Opinión

Los empecinados

Pablo Iglesias y Albert Rivera llegaron con prisa, con la ambición de apoderarse de la escena política. Los dos querían acabar con los políticos del bipartidismo, -la «casta» les denominaba despectivamente el primero-, para ocupar sus puestos al frente de la gobernación de España. Al principio tenían el viento de cola; sus discursos incendiarios pegados a los estragos que estaba causando la crisis económica, más la indignación que despertaban los numerosos casos de corrupción y en el caso de Cataluña, la deriva separatista, les abrieron las puertas del Congreso. Tenían detrás a millones de ciudadanos.

Iglesias pisaba fuerte y parecía que estaba a punto de cuajar el viejo sueño de todos los partidos comunistas que en el mundo occidental han sido: arrebatar a los socialistas el liderazgo de la izquierda. El famoso «sorpasso». Similar era la ambición de Rivera. Venía del centro pero creía estar en condiciones de hacerse con el timón de todas las fuerzas conservadoras jubilando al Partido Popular, tocado y desconcertado como estaba por el mazazo de la moción de censura.

Uno y otro jugaron su cartas. Rivera perdió en el primer envite. Su partido aumentó el número de escaños pero el PP, pese a resultar demediado y estrenar líder aguantó el tirón y consiguió retener el título de primer partido de la oposición. Quien quería reemplazar a Pablo Casado llegó a acuerdos con él en algunos ayuntamientos y gobierno regionales pero no se libró de la obsesión que le consumía e inició una etapa errática de confrontación con todo y con todos. Incluidos algunos dirigentes de su propio partido críticos con la estrategia que les estaba conduciendo a la irrelevancia en términos prácticos desaprovechando la oportunidad de reeditar el pacto que había firmado con Pedro Sánchez en febrero de 2016 para formar un «gobierno reformista y de progreso». Pacto que ahora, tres años después, les habría abierto puertas y oportunidades de tocar poder. Pero Ciudadanos dejó de ser el partido simpático. Su líder, antaño hiperactivo en redes y platós desapareció durante el mes de agosto.

Iglesias al que su error de cálculo ya le había llevado una vez a votar no a la investidura de Sánchez, repitió el rechazo.
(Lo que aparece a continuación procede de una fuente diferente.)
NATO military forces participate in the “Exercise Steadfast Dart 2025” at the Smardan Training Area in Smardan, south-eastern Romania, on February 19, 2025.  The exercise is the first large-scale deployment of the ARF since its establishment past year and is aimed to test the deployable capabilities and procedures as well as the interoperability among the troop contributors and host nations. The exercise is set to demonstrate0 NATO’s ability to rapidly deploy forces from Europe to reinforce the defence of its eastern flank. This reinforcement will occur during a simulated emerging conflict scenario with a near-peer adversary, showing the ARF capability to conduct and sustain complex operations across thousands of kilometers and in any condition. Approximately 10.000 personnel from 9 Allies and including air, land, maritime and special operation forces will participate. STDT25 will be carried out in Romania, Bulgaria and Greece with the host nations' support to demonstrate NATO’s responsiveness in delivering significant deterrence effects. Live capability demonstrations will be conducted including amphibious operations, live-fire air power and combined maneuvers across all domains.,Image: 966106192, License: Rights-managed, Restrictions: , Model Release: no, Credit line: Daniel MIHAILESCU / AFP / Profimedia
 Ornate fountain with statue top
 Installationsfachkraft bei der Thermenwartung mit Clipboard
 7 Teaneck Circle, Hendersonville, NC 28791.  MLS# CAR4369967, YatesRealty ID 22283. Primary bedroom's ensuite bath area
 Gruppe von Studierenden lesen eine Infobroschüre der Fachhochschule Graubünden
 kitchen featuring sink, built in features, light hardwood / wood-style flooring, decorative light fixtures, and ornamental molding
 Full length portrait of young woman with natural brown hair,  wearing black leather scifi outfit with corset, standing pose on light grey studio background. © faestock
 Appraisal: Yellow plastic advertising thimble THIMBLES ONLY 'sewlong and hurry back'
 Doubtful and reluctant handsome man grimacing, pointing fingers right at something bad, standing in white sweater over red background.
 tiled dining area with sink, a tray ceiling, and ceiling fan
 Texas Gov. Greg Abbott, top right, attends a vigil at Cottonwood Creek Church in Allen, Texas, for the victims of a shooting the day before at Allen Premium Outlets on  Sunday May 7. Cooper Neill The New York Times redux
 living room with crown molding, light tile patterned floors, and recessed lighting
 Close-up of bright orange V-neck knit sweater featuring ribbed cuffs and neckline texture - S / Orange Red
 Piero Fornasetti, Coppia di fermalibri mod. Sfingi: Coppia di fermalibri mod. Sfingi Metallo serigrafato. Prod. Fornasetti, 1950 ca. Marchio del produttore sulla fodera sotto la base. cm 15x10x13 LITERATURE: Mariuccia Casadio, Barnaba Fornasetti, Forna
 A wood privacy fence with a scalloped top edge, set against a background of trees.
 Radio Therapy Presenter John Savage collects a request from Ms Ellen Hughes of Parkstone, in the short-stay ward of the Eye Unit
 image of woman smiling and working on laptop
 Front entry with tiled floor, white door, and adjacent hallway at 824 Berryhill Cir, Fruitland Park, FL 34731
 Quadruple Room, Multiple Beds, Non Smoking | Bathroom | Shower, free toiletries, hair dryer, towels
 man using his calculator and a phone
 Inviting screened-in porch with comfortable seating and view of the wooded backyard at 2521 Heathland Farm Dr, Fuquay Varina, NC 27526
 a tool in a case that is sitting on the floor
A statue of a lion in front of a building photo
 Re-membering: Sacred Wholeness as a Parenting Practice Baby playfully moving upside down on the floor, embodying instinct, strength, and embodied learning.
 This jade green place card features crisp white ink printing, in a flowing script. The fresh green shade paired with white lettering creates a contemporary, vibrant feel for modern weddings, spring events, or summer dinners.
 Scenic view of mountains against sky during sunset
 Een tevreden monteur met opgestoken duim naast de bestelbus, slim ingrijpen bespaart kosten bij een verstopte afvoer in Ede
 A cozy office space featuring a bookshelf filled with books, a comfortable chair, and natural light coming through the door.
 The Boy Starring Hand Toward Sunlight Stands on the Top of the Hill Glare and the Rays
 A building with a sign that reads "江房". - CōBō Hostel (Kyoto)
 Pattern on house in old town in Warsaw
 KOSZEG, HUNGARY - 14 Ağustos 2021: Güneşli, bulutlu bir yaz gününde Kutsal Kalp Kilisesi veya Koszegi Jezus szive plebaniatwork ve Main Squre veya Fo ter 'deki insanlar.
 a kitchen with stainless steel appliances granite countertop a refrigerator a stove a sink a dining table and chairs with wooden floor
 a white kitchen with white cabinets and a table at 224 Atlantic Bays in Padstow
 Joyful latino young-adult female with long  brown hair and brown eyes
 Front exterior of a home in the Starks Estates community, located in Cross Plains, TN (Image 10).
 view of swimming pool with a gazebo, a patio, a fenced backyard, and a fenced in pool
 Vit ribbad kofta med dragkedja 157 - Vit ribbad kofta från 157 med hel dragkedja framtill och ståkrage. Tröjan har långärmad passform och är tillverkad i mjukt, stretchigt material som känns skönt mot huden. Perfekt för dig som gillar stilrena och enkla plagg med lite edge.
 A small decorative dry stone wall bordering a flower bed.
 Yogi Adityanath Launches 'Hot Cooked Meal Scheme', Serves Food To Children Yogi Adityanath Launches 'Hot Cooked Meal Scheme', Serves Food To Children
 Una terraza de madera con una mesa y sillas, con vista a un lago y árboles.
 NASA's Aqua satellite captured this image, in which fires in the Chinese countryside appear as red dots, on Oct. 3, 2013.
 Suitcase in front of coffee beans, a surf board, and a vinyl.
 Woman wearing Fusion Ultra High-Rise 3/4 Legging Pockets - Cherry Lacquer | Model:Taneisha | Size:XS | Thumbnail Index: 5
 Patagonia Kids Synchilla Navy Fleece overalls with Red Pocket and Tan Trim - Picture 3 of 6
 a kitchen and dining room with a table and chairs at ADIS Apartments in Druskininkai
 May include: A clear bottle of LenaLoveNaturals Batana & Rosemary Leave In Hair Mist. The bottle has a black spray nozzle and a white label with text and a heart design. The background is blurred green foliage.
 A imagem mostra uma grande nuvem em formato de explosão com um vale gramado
Su exceso de «hibrys», le había llevado a postularse como vicepresidente del Gobierno reclamando, además, cuatro o cinco ministerios para Podemos. Le dijeron que él, no. Que lo demás podía negociarse. Pero la cosa no funcionó. Aunque no lo parezca no es una cuestión de ideología. O no sólo es eso. En el empantanamiento político que padecemos, los egos, las ambiciones cruzadas y el empecinamiento de unos y otros juegan un papel determinante. Lo malo es que la función sigue.